Bush justifies the deal as "urgent for our national security." The rationale
asks us to believe that in backing tyrannical regimes, we will quell
anti-Americanism among the oppressed, rather than sow it.
Congressional Democrats voted down the agreement 224-195, overcoming the
pernicious forces in their midst. Specifically, the Colombian government and
corporate groups have hired former Clinton administration officials to champion
the deal, paid off former President Bill Clinton with an $800,000 speaking
contract, and employed Mark Penn - Hillary Rodham Clinton's chief presidential
strategist - to push the pact.
Oh, how we've regressed from Ludlow, when mere Rockefellers owned everything.
Today, Dubai princes purchase our stock exchanges, Chinese communists buy our
banks, and now Colombian goons bid on our politicians - and the results are
trickling in.
When Bush dropped the deal on Congress, House Speaker Nancy Pelosi complained
only that his tactics are "jeopardizing prospects" for the pact's passage.
Instead of blocking the accord, she postponed it - a maneuver that could ensure
its approval. National Journal reports that Democrats are considering "delaying
a vote until after the November elections." The scheme would let Democratic
candidates campaign as aw-shucks populists promisin' to fight for the little
fella, and then head to D.C. to do the bidding of lobbyists and ratify the deal
in a lame-duck session.
Between equivocating press releases, Pelosi said she worries that if voted on
now, the pact "would lose, and what message would that send?" For starters, it
would say the Democratic Party joins most Americans in opposing job-killing
trade policies. It would also declare the party against rewarding murderous
regimes on behalf of Clintonites now living large off of Colombian blood money.

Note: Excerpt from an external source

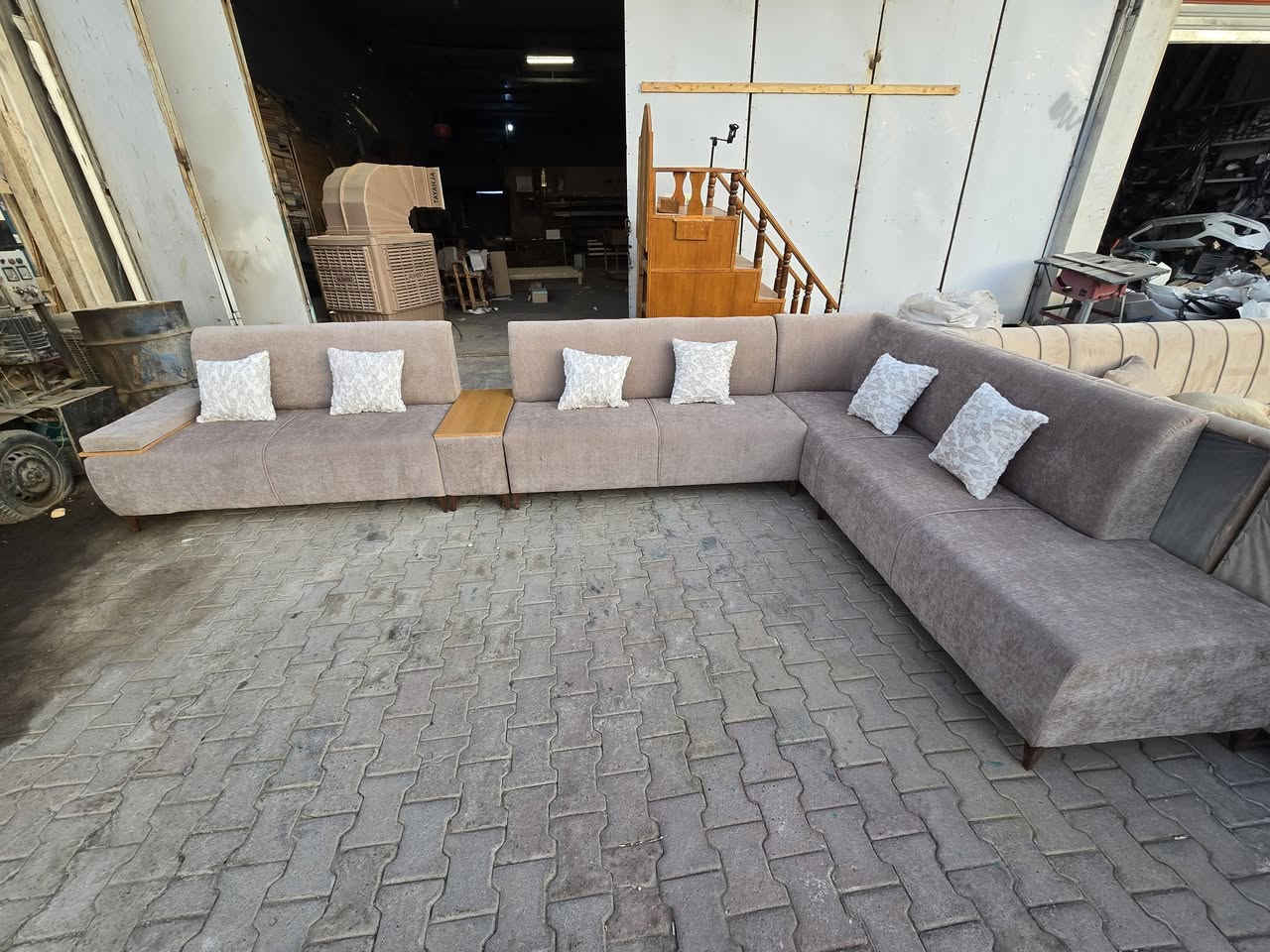ديوان استراحه موديل أنيق وحديث من إنتاج وتصميم معمل قنفات جود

But, then, such principled stands are considered uncouth in this, the Ludlow
renaissance.
Calendars may say it is 2008, but the Establishment mentality is 1914. On the
anniversary of the butchery in Colorado, we see the hideous power of corruption
in all its pathological glory. Our government is showing that it views the
Ludlow Massacre not as an embarrassment, but as an ideal to be embraced and
exported.
David Sirota is a bestselling author whose newest book, "The Uprising," will be
released in June. He is a fellow at the Campaign for America's Future and a
board member of the Progressive States Network - both nonpartisan
organizations.
http://sfgate.com/cgi-bin/article.cgi?f=/c/a/2008/04/11/EDK6103CKL.DTL
This article appeared on page B - 11 of the San Francisco Chronicle
David Sirota, Creators Syndicate, Inc.
Friday, April 11, 2008
Ninety-four years ago on April 20, America made international news when a
government-sanctioned paramilitary unit murdered Colorado union organizers at a
Rockefeller-owned coal mine. The Ludlow Massacre was "a story of horror
unparalleled in the history of industrial warfare," wrote the New York Times in
1914 - and the abomination was not just the violence, but the way political and
corporate leaders colluded on their homicidal plans to protect profits.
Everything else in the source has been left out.